EXERCISE
Below this line are records; transcribe exactly the lines between the one holding "危笑的第一张照片--贵港相亲服务中心" and the one holding "812 19th Street, Charlotte, NC", inclusive, and omit the pictures.

EXERCISE MATERIAL
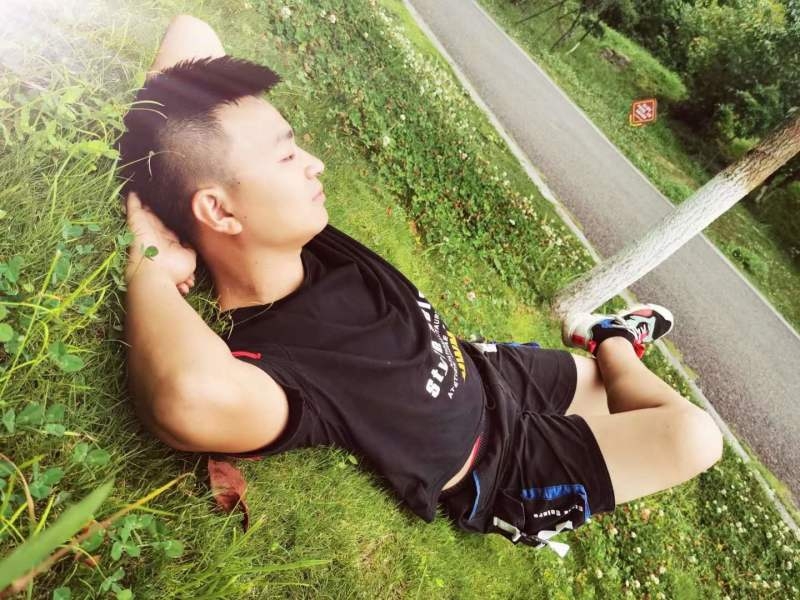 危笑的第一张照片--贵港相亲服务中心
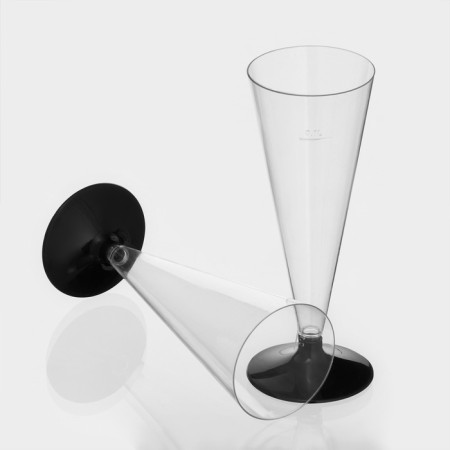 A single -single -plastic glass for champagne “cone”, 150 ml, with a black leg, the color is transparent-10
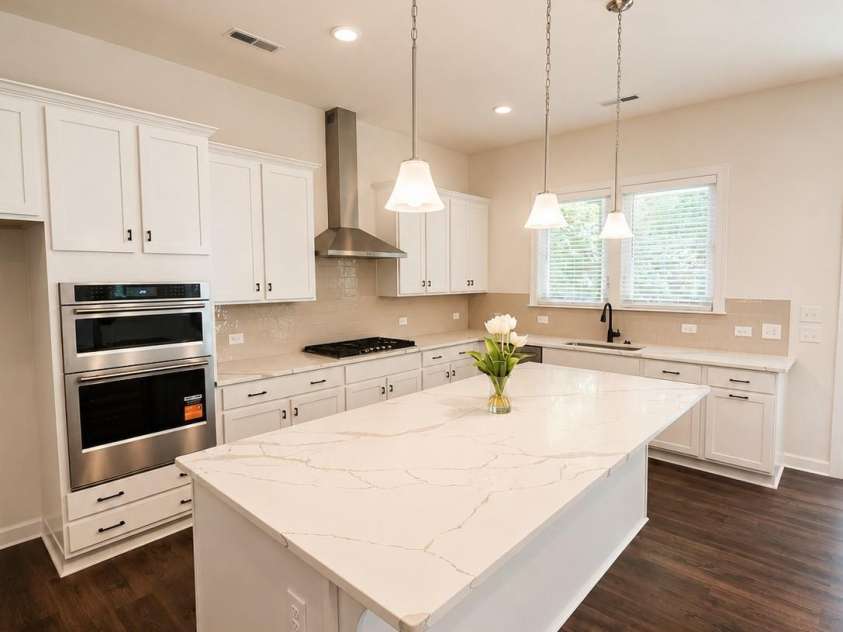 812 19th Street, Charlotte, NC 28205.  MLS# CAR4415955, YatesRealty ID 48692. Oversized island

==

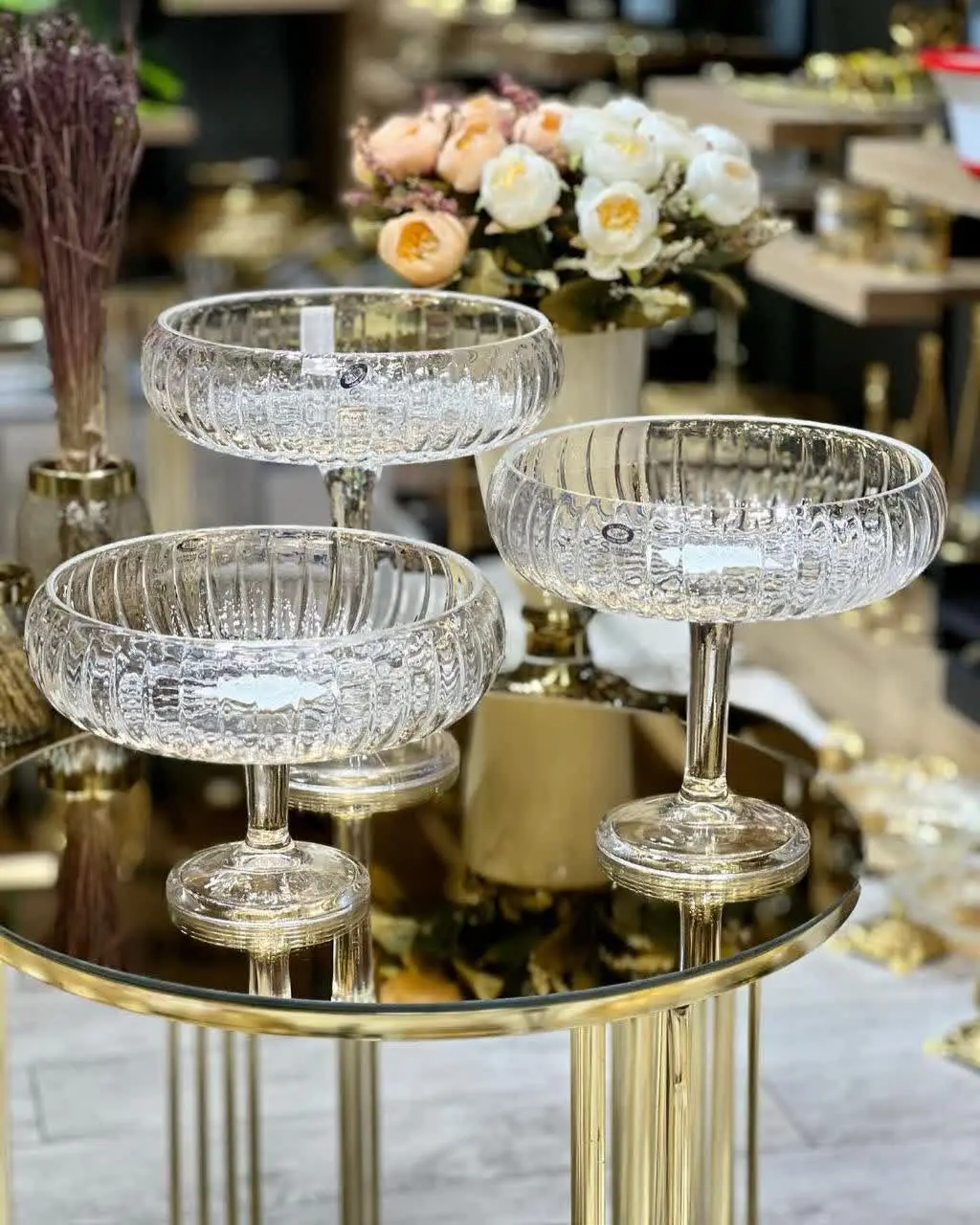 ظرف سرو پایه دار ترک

* * *

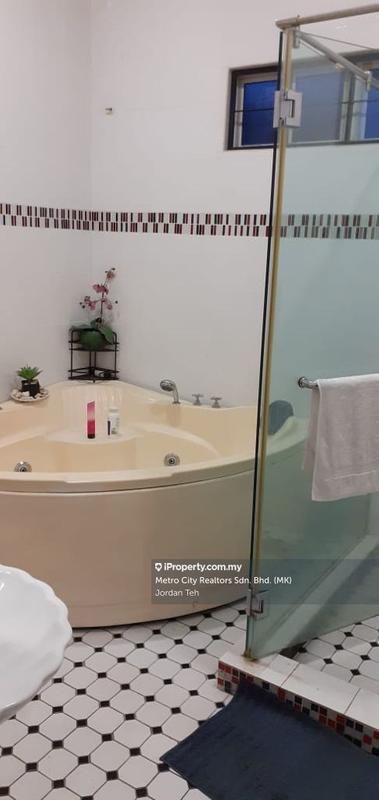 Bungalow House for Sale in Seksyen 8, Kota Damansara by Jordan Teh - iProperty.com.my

RESULT
 危笑的第一张照片--贵港相亲服务中心
 A single -single -plastic glass for champagne “cone”, 150 ml, with a black leg, the color is transparent-10
 812 19th Street, Charlotte, NC 28205.  MLS# CAR4415955, YatesRealty ID 48692. Oversized island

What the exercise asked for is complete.